**EXERCISE INSTRUCTIONS**. Copy precisely the first line of the material below and every later line, stopping with the line that contains "リゾートホテル Bear Corner Lodge".

**DATA SHOWN**.

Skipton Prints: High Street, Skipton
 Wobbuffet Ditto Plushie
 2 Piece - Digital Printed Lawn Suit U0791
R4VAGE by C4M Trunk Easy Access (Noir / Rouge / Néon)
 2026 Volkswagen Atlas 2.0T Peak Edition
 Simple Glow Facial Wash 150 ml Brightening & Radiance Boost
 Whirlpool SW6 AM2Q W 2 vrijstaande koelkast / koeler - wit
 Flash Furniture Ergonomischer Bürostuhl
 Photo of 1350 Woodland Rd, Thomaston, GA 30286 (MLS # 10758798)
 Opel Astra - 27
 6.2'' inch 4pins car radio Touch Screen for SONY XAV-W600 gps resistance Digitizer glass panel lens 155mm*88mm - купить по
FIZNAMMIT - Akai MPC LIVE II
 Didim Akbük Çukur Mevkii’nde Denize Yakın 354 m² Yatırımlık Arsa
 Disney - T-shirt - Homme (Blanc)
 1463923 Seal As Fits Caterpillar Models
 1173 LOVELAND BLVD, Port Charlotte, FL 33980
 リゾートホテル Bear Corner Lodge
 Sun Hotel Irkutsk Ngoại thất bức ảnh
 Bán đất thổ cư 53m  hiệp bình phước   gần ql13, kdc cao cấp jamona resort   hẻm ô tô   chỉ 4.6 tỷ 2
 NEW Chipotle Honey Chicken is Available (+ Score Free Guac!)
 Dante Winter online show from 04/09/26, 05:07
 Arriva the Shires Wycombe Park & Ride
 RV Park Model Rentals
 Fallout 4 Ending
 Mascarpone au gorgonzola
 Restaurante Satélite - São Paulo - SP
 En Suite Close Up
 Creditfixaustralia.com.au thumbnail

**RESULT OF THE EXERCISE**.
Skipton Prints: High Street, Skipton
 Wobbuffet Ditto Plushie
 2 Piece - Digital Printed Lawn Suit U0791
R4VAGE by C4M Trunk Easy Access (Noir / Rouge / Néon)
 2026 Volkswagen Atlas 2.0T Peak Edition
 Simple Glow Facial Wash 150 ml Brightening & Radiance Boost
 Whirlpool SW6 AM2Q W 2 vrijstaande koelkast / koeler - wit
 Flash Furniture Ergonomischer Bürostuhl
 Photo of 1350 Woodland Rd, Thomaston, GA 30286 (MLS # 10758798)
 Opel Astra - 27
 6.2'' inch 4pins car radio Touch Screen for SONY XAV-W600 gps resistance Digitizer glass panel lens 155mm*88mm - купить по
FIZNAMMIT - Akai MPC LIVE II
 Didim Akbük Çukur Mevkii’nde Denize Yakın 354 m² Yatırımlık Arsa
 Disney - T-shirt - Homme (Blanc)
 1463923 Seal As Fits Caterpillar Models
 1173 LOVELAND BLVD, Port Charlotte, FL 33980
 リゾートホテル Bear Corner Lodge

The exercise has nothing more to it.